- EXTRACTED ENTRIES -
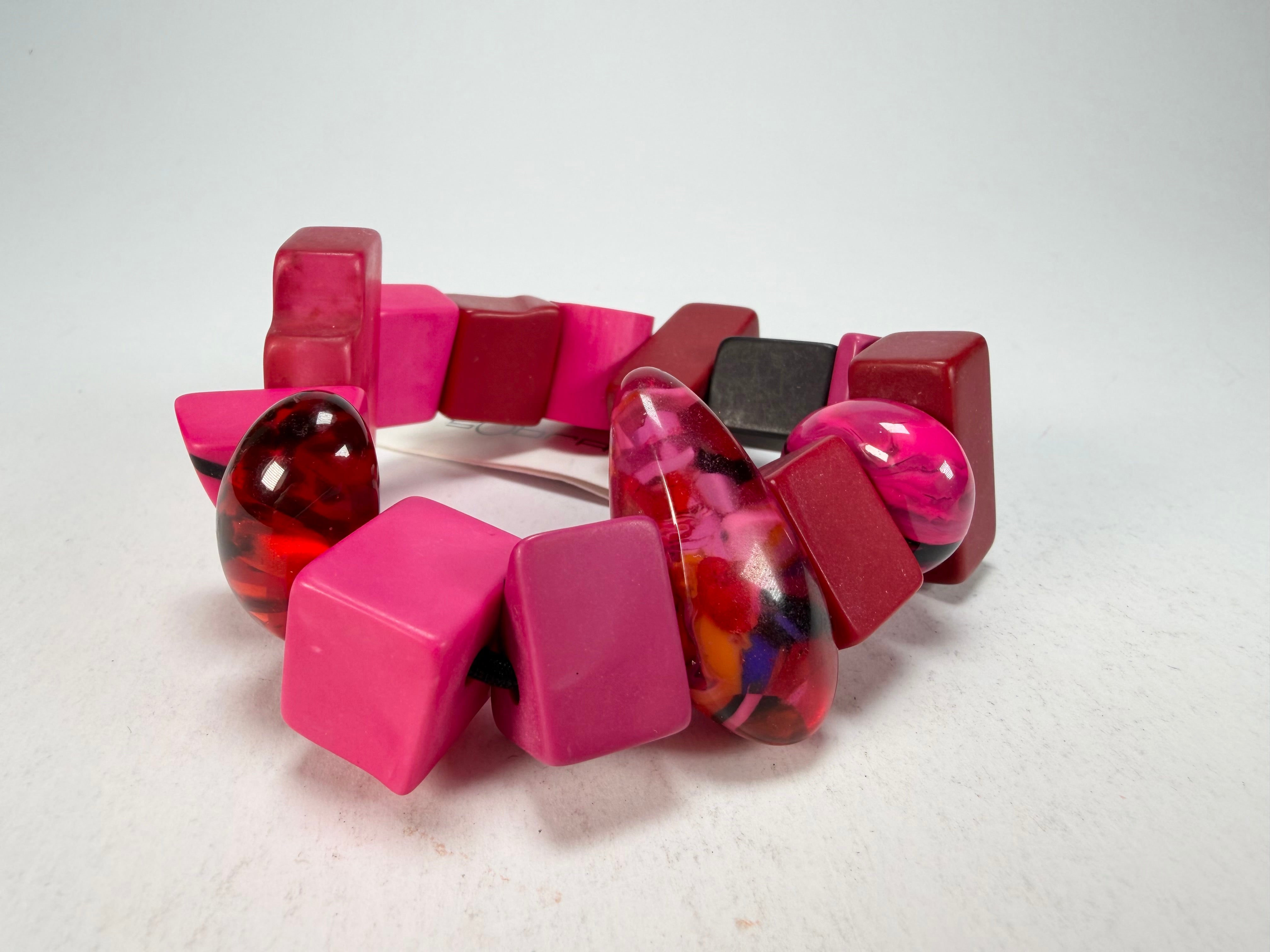 Sobral - Indiana "Cereja" Pink Elasticated Resin Bracelet ( 000210 )
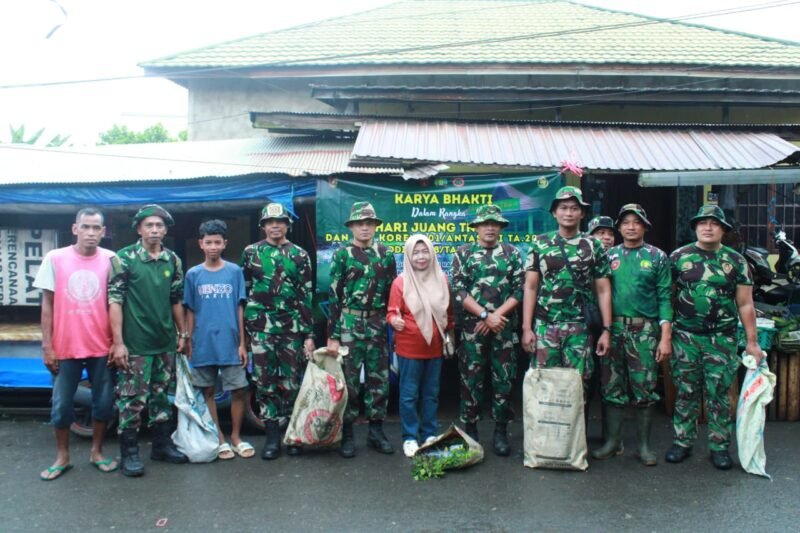 Kodim 1008/Tabalong Gelar Pembersihan Fasilitas Umum Jelang Hari Juang TNI AD ke-80
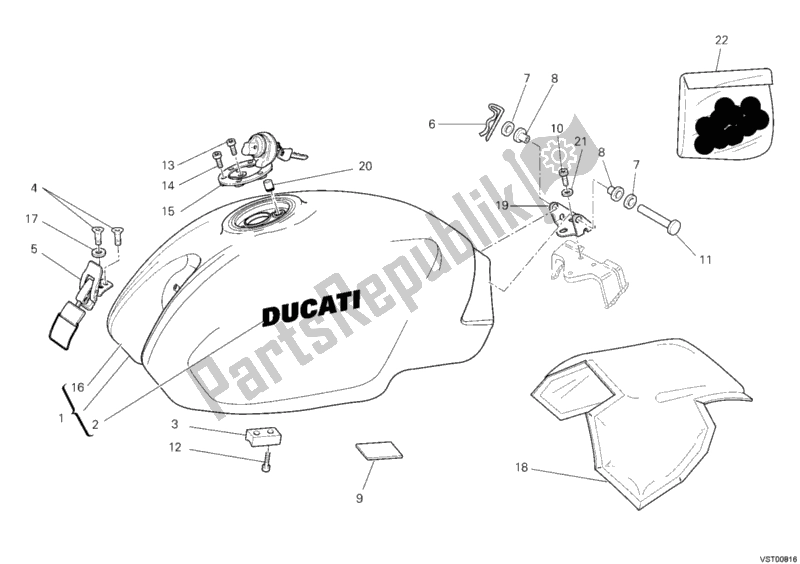 All parts for the Fuel Tank of the Ducati Monster S2R 1000 USA 2008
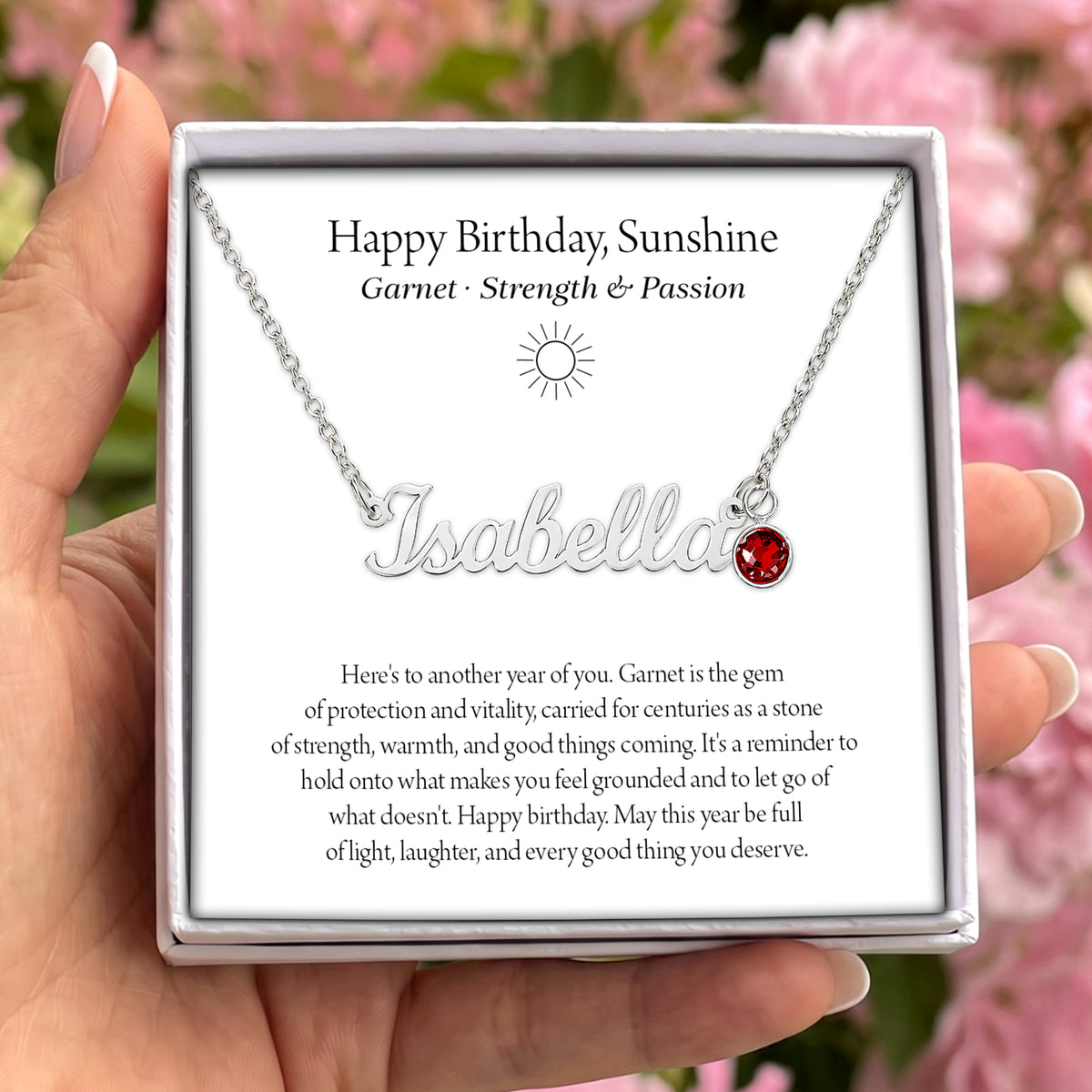 Personalisierter Schmuck mit Geburtsstein und Namen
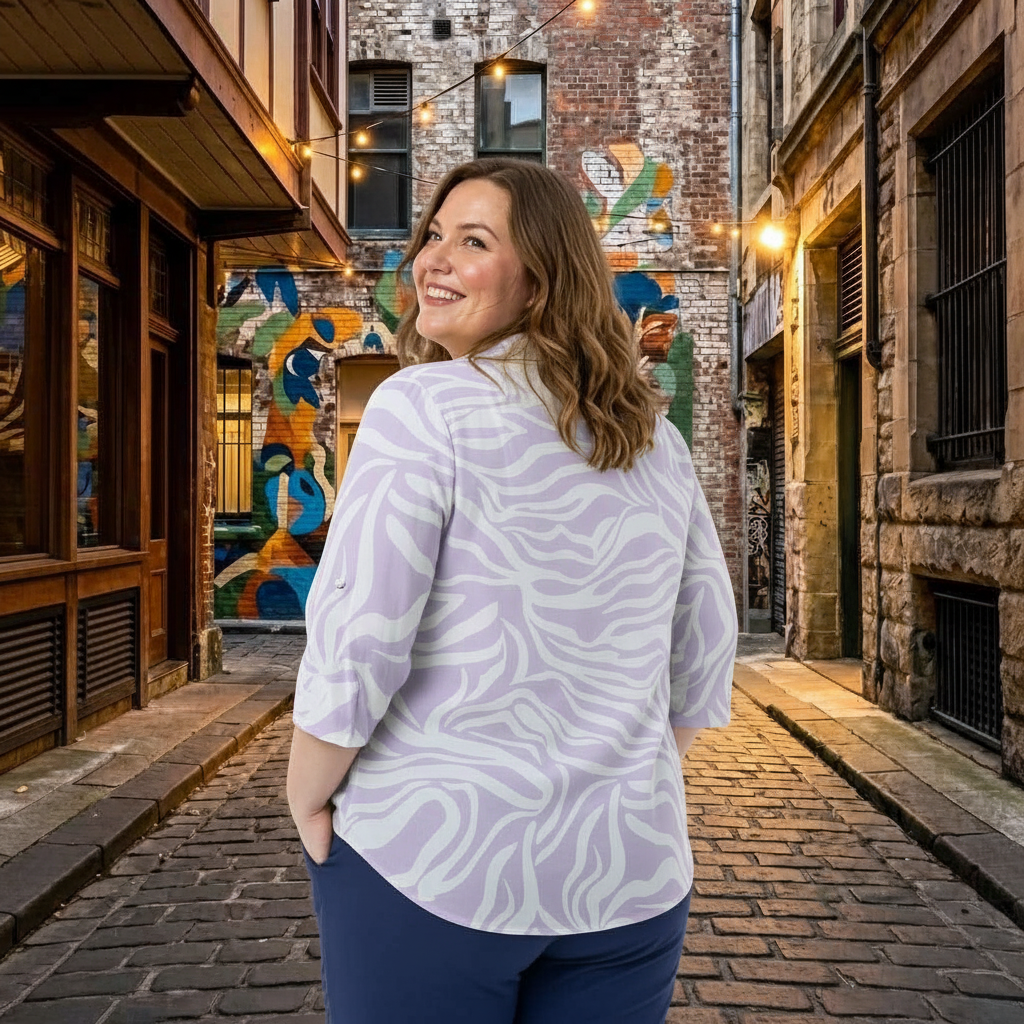 Paw Drazzel Boutique Women's Casualwear, Abstract Wave, Adjustable 3/4 Sleeve, Collared Shirt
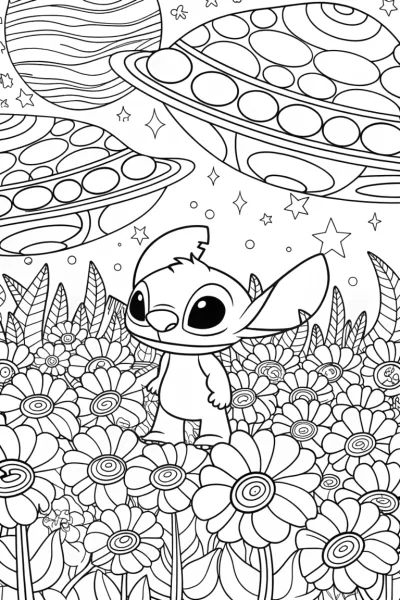 Stitch’s vibrant garden journey coloring page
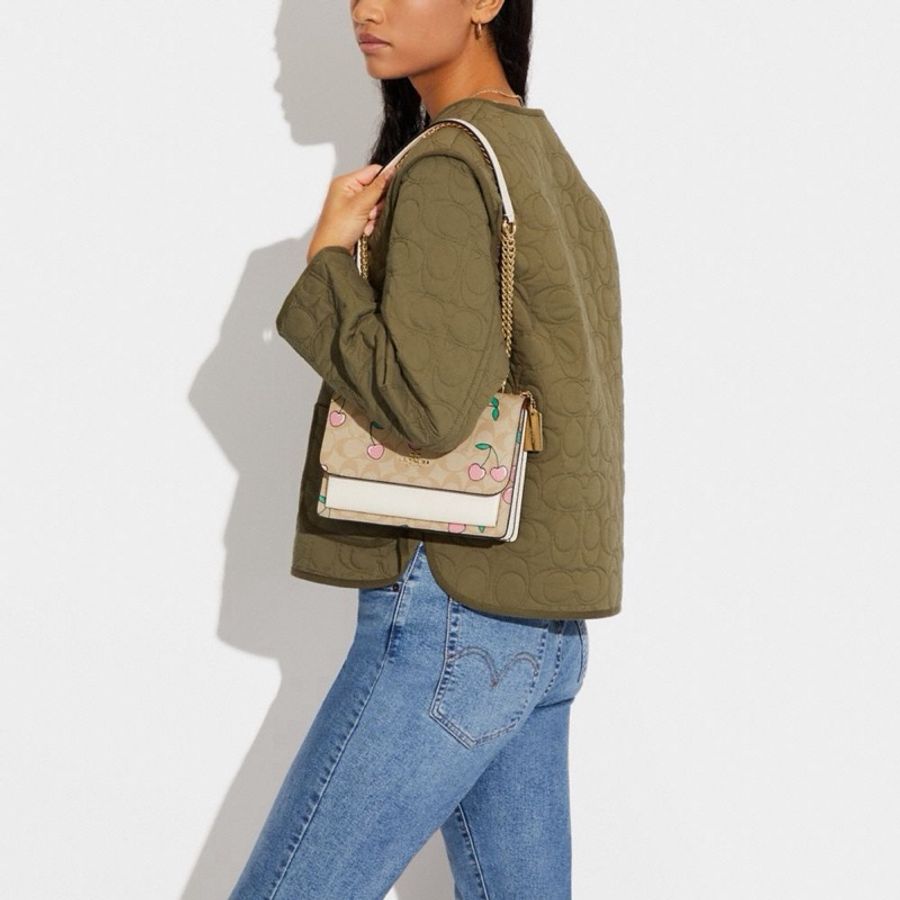 Coach 女士 KLARE 心形櫻桃印花斜挎包均碼碼22cm*7cm*15.8cm-5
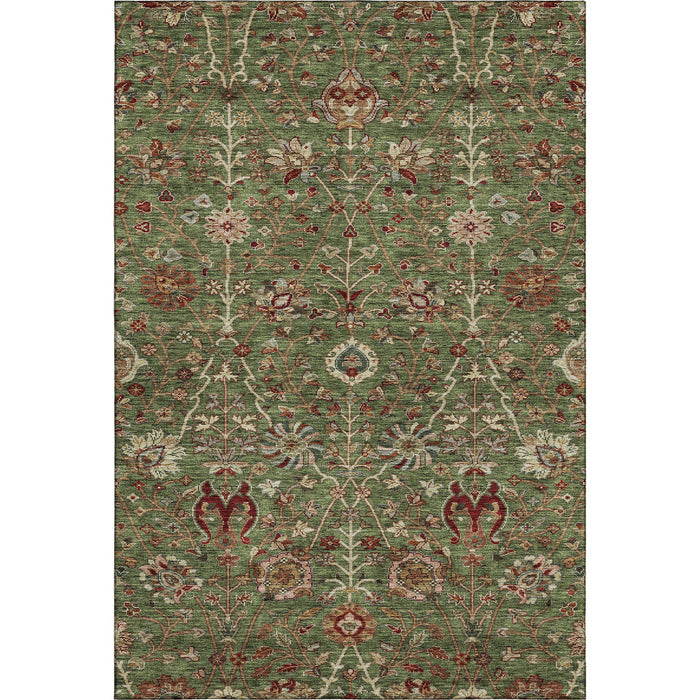 10' X 14' Floral Washable Area Rug With UV Protection (683974) - Fern Green / Red / Ivory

- TASK GOAL -
Restate the lines above exactly, from the one bearing "Paw Drazzel Boutique" through the final line of the material, both included, omitting pictures.

- REPLY -
 Paw Drazzel Boutique Women's Casualwear, Abstract Wave, Adjustable 3/4 Sleeve, Collared Shirt
 Stitch’s vibrant garden journey coloring page
 Coach 女士 KLARE 心形櫻桃印花斜挎包均碼碼22cm*7cm*15.8cm-5
 10' X 14' Floral Washable Area Rug With UV Protection (683974) - Fern Green / Red / Ivory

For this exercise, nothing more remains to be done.